Top of Data extracts
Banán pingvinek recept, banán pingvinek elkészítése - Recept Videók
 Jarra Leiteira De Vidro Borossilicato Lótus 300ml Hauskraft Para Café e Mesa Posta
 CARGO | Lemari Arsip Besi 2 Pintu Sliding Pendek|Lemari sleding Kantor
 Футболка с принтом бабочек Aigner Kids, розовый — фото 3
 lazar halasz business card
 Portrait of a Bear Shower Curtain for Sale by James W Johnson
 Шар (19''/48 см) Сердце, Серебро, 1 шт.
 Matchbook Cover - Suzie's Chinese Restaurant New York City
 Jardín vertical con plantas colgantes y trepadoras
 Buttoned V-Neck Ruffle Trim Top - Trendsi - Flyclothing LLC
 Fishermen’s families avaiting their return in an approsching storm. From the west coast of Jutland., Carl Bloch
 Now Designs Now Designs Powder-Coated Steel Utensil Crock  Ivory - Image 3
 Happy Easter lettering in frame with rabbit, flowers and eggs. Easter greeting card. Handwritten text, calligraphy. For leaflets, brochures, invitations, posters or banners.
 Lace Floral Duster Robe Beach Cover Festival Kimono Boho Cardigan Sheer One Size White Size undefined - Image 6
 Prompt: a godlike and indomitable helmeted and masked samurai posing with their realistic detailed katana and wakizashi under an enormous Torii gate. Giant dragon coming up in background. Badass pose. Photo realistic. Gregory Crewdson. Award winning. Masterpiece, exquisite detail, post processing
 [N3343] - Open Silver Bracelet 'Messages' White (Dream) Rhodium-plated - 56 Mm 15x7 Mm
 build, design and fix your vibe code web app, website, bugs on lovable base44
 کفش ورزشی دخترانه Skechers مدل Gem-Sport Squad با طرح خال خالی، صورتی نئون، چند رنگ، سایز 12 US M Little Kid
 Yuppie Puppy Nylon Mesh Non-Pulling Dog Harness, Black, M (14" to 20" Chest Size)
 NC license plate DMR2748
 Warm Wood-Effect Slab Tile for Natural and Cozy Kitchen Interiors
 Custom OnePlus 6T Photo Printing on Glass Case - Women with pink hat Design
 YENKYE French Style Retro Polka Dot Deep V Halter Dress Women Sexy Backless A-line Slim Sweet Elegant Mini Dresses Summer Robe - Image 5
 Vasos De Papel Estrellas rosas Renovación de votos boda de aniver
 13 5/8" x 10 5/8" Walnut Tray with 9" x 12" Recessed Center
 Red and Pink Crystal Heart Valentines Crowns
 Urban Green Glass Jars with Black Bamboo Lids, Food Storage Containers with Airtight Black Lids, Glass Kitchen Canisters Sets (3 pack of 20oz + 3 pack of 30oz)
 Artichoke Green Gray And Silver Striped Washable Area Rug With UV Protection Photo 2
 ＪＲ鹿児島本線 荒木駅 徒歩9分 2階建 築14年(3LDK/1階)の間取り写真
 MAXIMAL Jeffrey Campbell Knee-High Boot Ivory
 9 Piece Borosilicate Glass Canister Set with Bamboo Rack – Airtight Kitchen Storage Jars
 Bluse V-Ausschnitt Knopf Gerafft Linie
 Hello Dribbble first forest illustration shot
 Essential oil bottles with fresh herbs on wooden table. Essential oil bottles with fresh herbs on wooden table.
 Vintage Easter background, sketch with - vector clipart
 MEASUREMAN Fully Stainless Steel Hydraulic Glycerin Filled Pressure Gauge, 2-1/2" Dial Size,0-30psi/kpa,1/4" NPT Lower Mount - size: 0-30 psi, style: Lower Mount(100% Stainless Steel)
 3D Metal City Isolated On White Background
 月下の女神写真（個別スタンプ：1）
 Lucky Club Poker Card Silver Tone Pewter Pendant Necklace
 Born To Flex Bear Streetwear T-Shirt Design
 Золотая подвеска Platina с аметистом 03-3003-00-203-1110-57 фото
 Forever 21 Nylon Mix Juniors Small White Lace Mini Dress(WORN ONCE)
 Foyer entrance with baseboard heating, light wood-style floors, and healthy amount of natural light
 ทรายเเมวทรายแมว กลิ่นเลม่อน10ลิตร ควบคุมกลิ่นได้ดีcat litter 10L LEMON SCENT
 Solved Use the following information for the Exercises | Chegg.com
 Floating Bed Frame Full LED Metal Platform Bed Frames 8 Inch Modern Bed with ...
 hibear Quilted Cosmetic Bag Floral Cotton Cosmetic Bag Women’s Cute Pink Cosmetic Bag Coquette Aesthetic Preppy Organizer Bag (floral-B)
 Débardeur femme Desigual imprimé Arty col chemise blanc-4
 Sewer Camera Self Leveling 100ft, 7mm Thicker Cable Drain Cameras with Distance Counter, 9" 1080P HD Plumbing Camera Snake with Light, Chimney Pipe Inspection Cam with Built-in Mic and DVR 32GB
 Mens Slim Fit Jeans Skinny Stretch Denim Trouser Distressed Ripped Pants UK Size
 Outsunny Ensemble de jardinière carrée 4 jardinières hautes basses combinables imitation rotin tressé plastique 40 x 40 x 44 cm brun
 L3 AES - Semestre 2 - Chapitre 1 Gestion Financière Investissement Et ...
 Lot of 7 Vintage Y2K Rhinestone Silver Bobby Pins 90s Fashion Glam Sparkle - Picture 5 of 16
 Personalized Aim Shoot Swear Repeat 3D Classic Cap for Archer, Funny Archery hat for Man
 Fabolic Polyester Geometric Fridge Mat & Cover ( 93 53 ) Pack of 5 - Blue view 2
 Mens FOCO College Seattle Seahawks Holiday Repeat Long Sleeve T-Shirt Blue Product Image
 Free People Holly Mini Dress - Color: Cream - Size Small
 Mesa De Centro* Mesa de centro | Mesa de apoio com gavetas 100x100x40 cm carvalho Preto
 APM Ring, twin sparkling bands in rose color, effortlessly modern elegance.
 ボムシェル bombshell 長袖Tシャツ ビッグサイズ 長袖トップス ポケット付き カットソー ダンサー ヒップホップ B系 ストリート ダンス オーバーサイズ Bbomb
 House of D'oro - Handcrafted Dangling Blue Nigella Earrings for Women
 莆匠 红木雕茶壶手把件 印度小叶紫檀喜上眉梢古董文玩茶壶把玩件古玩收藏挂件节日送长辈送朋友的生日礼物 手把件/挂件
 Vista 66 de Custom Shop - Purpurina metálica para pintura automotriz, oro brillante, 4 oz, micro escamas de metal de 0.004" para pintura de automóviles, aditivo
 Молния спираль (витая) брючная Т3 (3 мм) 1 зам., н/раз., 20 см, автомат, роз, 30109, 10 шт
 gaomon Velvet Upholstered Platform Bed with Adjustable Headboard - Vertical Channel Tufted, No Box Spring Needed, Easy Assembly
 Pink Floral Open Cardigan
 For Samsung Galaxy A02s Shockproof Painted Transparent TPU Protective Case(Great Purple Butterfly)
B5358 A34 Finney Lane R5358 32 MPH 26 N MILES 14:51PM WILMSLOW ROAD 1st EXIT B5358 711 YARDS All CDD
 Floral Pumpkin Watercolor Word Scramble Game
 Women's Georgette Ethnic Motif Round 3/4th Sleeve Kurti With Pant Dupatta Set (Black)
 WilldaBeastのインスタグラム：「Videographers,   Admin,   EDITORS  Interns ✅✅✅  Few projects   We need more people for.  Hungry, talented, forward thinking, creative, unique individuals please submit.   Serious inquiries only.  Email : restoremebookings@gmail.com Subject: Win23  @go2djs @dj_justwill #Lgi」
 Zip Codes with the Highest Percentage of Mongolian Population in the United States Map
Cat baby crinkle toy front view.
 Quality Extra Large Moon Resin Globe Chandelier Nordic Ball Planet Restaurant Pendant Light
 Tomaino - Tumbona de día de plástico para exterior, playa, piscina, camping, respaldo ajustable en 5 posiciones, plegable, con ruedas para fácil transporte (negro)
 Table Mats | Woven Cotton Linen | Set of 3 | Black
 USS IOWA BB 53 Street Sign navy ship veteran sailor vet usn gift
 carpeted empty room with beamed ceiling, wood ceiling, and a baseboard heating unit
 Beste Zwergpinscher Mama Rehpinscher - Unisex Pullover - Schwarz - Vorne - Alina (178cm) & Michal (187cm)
Bottom of Data extracts
Description of the task: For every line in the data above that has the string "Blue", return that line.

Solution for this problem:
 Fabolic Polyester Geometric Fridge Mat & Cover ( 93 53 ) Pack of 5 - Blue view 2
 Mens FOCO College Seattle Seahawks Holiday Repeat Long Sleeve T-Shirt Blue Product Image
 House of D'oro - Handcrafted Dangling Blue Nigella Earrings for Women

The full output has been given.